Trust is the most valuable asset in the Customer EconomyTrust is possibly the most powerful word an organization can have today. Either you have it with your customers (and employees) or you don’t. It isn’t something that works on a “meter” where you have 60% trust and 40% distrust. And once you have it, you can make it stronger and deeper once you have established it with your customers. But organizations that aren’t trusted also communicate this very clearly to their customers…and customers respond to it in many different ways.

When a customer has their first interaction with your business (doesn’t have to be a purchase) what is communicated during that “moment of truth” with them? Is it an interaction that causes them to feel like they can trust you or one that creates uncertainty and doubt about whether they can trust your organization? This is a critical question for every business to answer…and most have no clue they are sending one of these messages to their customers.

What causes companies to send a message of DISTRUST?

Here are a few factors that cause a customer to stay suspicious about trusting your company…

  • Employees ignore them upon first interaction…signaling they aren’t as important as other issues
  • The employee tells them things as a way to get their attention that the customer instinctively knows aren’t true …if it’s too good to be true it usually isn’t
  • Employees make quick promises and they either don’t keep them or the customer believes they can’t keep them
  • Employees ask some “trapping questions” with the intent of making the customer feel stupid if they don’t answer yes…leading them to a close they don’t want
  • Employees already have the answer…before asking any qualifying questions

These are just some of the ways that customers immediately start to distrust your employees or company.
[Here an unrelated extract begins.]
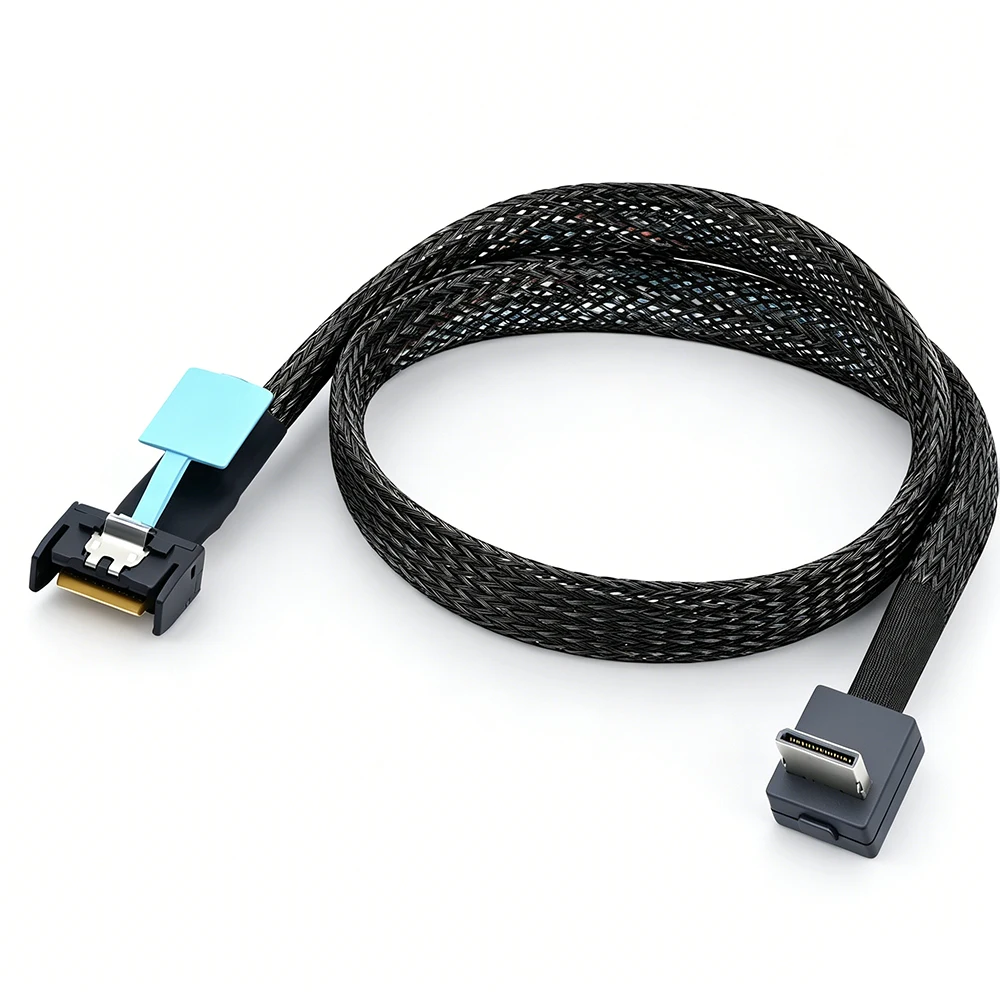 1m Gen5 PCIe 5.0 MCIO 4I 38Pin (SFF-TA-1016) to 90 Degree OCuLink SFF-8611 4I Server NVMe SSD High Speed Data Cable 100cm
The easiest example is the “used/new car salesperson” or the “timeshare salesperson” or “mattress salesperson” and a host of other stereotypes we have created in our mind. If you walk into one of these businesses you immediately “have your guard up” because you have been programmed to not trust these people. You know they will lie to you to get a sale so you aren’t going to believe anything they tell you without doing more research.

While these are extremes, they are also reality in many businesses. Maybe not as dramatic as some of the ones I listed, but they are nevertheless ways to create distrust initially with customers. When companies do this (knowingly or unknowingly) they are starting “10 points behind” the competition because you have to “earn” your way back to zero. You have to earn your way back to the starting point where they are neutral in their evaluation of whether to trust you or not trust you.
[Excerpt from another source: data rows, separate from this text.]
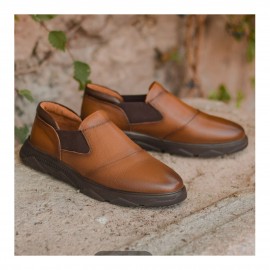 کفش چرم طبیعی مردانه مدل سی نود عسلی C90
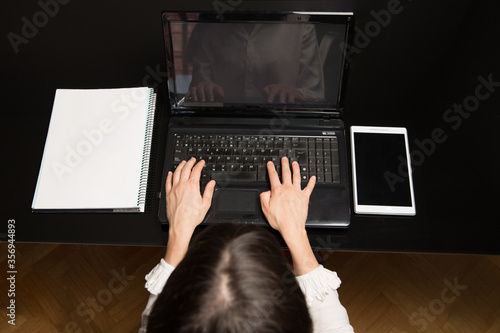 woman working with a computer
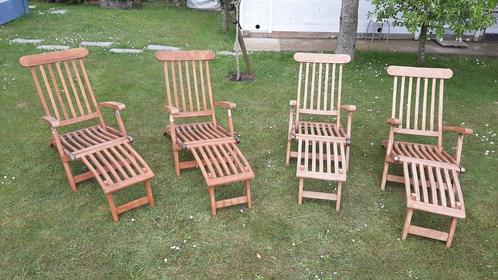 Chaises longues en teck avec coussins gris, Jardin & Terrasse, Chaises de jardin, Utilisé, Enlèvement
Here’s another huge issue for companies…their competitors. What if you happen to be in an industry where many of your customers don’t trust your competitors? When this is the situation, often times you are lumped into the industry and “guilty by association” when it comes to trust. So regardless of whether or not you are doing the same things as your competition is doing, you are already distrusted. This is a very dangerous place to be…especially if one of your strengths is trust. Take the car dealer…what if you are one that your customers actually trust? You have an uphill battle because the industry is so polluted with unethical people…this is a much harder battle than many other industries.

What causes companies to send a message of TRUST?

Here are a few factors that cause a customer to immediately trust your company…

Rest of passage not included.